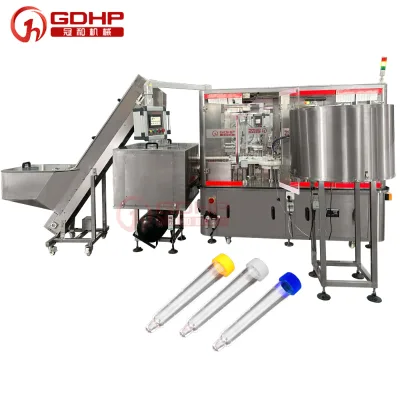 Urinalysis Preservative Tube Screw Cap Machine Conical Urine Centrifuge Tube Capping Machine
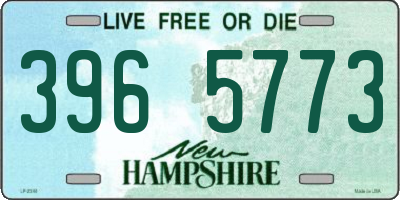 NH license plate 3965773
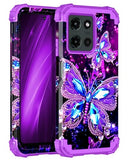 for Moto G 5G 2025 Case,Glow in The Dark Three Layer Heavy Duty Shockproof Full Body Protection Hard Plastic Bumper+Soft Silicone Protective Case for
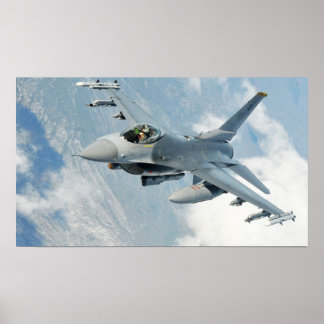 F-16 Falkenflugzeuge Poster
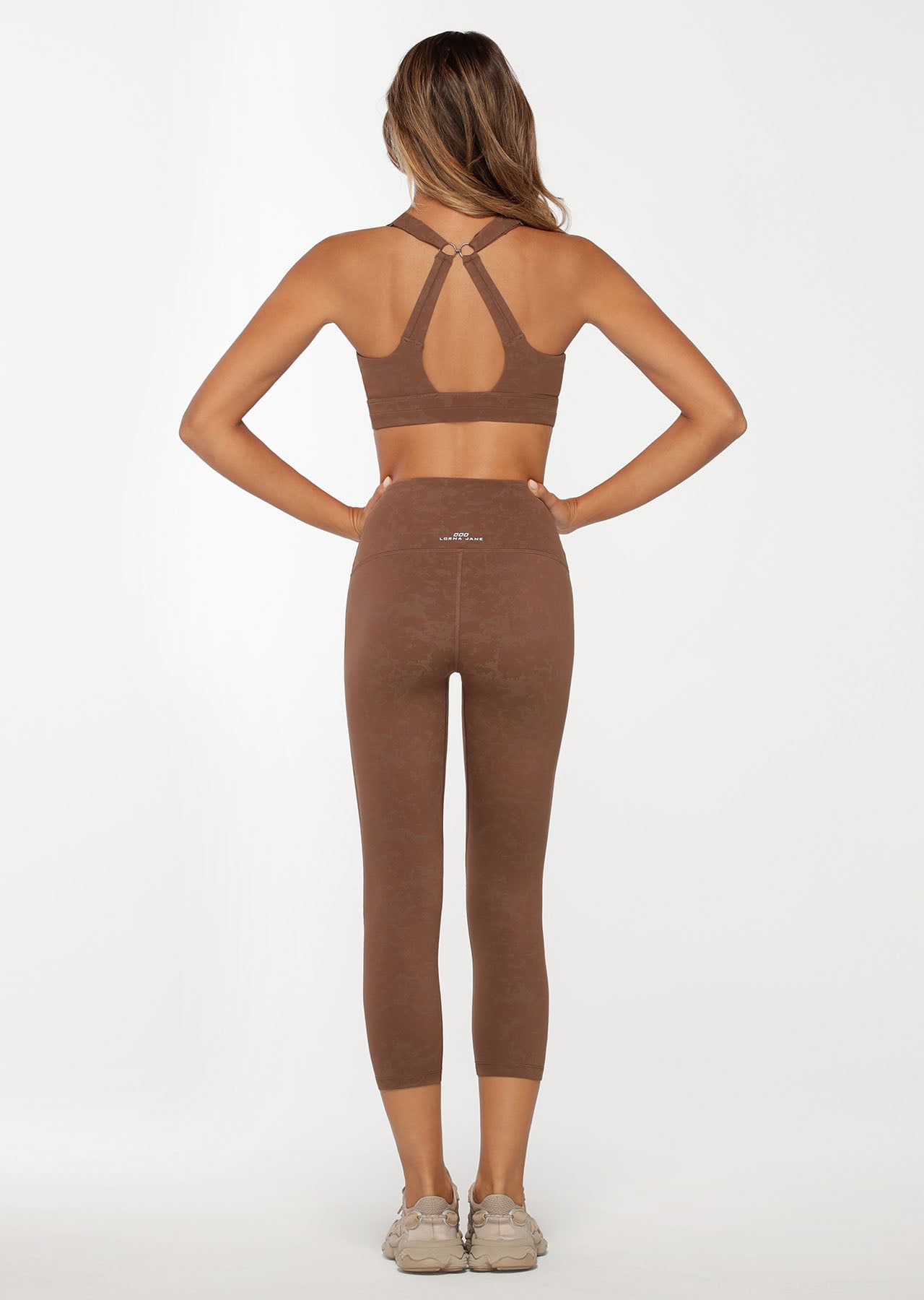 Lorna Jane Smooth Touch 7/8 Leggings - Washed Chocolate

# EXERCISE AIM
Since the copy should hold text only, set down each record exactly and leave the pictures out.

# OUTPUT BELOW
 Urinalysis Preservative Tube Screw Cap Machine Conical Urine Centrifuge Tube Capping Machine
 NH license plate 3965773
 for Moto G 5G 2025 Case,Glow in The Dark Three Layer Heavy Duty Shockproof Full Body Protection Hard Plastic Bumper+Soft Silicone Protective Case for
 F-16 Falkenflugzeuge Poster
 Lorna Jane Smooth Touch 7/8 Leggings - Washed Chocolate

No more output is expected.